He melds his personal experiences of some of the globe's wildest places with incisive analyses of history, culture, politics and more, crashing the postcolonial hangover into future shock to see what sparks it sets off ... The book's title piece [is] a rip-snorting adventure yarn about traveling to the mind-boggling elevations of the Himalayas ... Some of the book's shorter pieces are fascinating, deeply researched journalism ... Shacochis' accounts sometimes boom with macho swagger, but it's balanced by wry self-awareness, a tender heart and a brilliant, analytical intellect. His writing is simply splendid.
Many of the pieces collected in Kingdoms in the Air are vivid portraits of iconoclasts and rugged individualists who have surrendered their Western comforts for adventure and higher purpose in the developing world ... Shacochis evokes the pains and pleasures of the trek with lyrical prose.
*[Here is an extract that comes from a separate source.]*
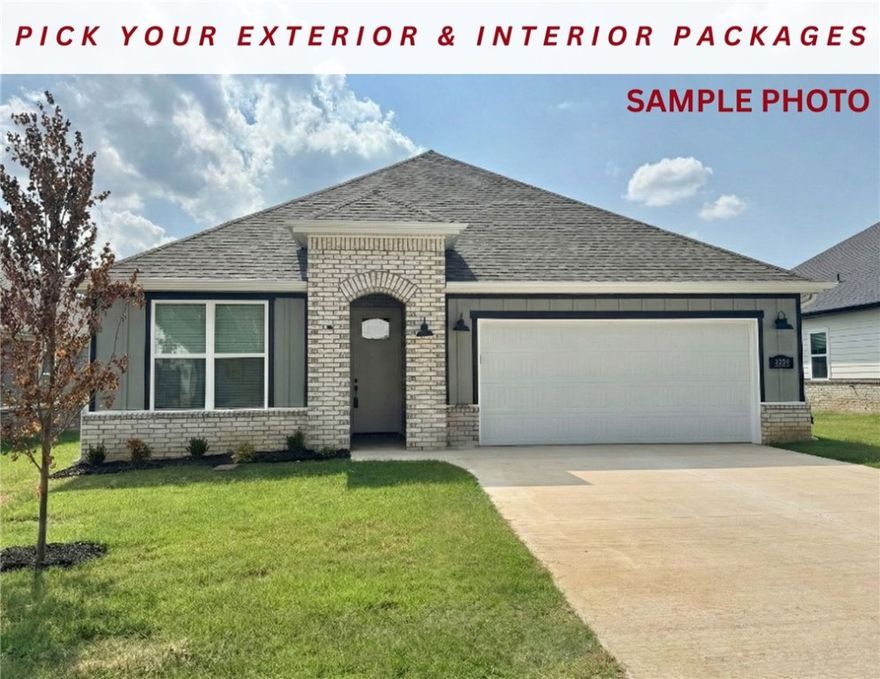 Colby plan with 1 level, garage on the right and East facing! Select your exterior & interior packages! 9 ft ceilings, linear electric fireplace, LVP flooring throughout the main living areas and master bedroom, quartz countertops and more. Chef's kitchen boasting frigidaire stainless steel appliances, gas range, pantry, quartz countertops, bar pull handles, large island and gorgeous backsplash. Luxurious master bedroom features abundant natural light, while the spa-like master bathroom offers a walk-in shower, double sinks, tub, and spacious walk-in closets. Additional features include a formal dining room, three large secondary bedrooms and a functional laundry room. Nestled on a generous lot with covered patio that overlooks the serene sodded, fully fenced backyard. Sturdy concrete siding! Model home located at 3631 Tranquility St- Lot 1.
A collection is a strange beast, and the order and tempo of things might be blamed as much as the quality of any given piece. Stuck in first gear, alarmed by the first 150 pages, you might skip forward. Midway through the book, Shacochis comes alive on open water, when he describes a friend caught in the waves and sinking ... Whatever stories endure, be they the ones from the mountains or the sea, it’s undeniably tough to travel, to be far from home, and to cut down an epic voyage into a smaller shape — for the rest of us. At worst, Shacochis seems tired of this task, annoyed by the rules of the road and the way an older body cooperates or doesn’t with these demands. But when he recaptures what I imagine is the spark that inspired his first travels, when he seems rested and ready, somewhere he cares about and wants to share, his best writing inspires us not to argue with destiny.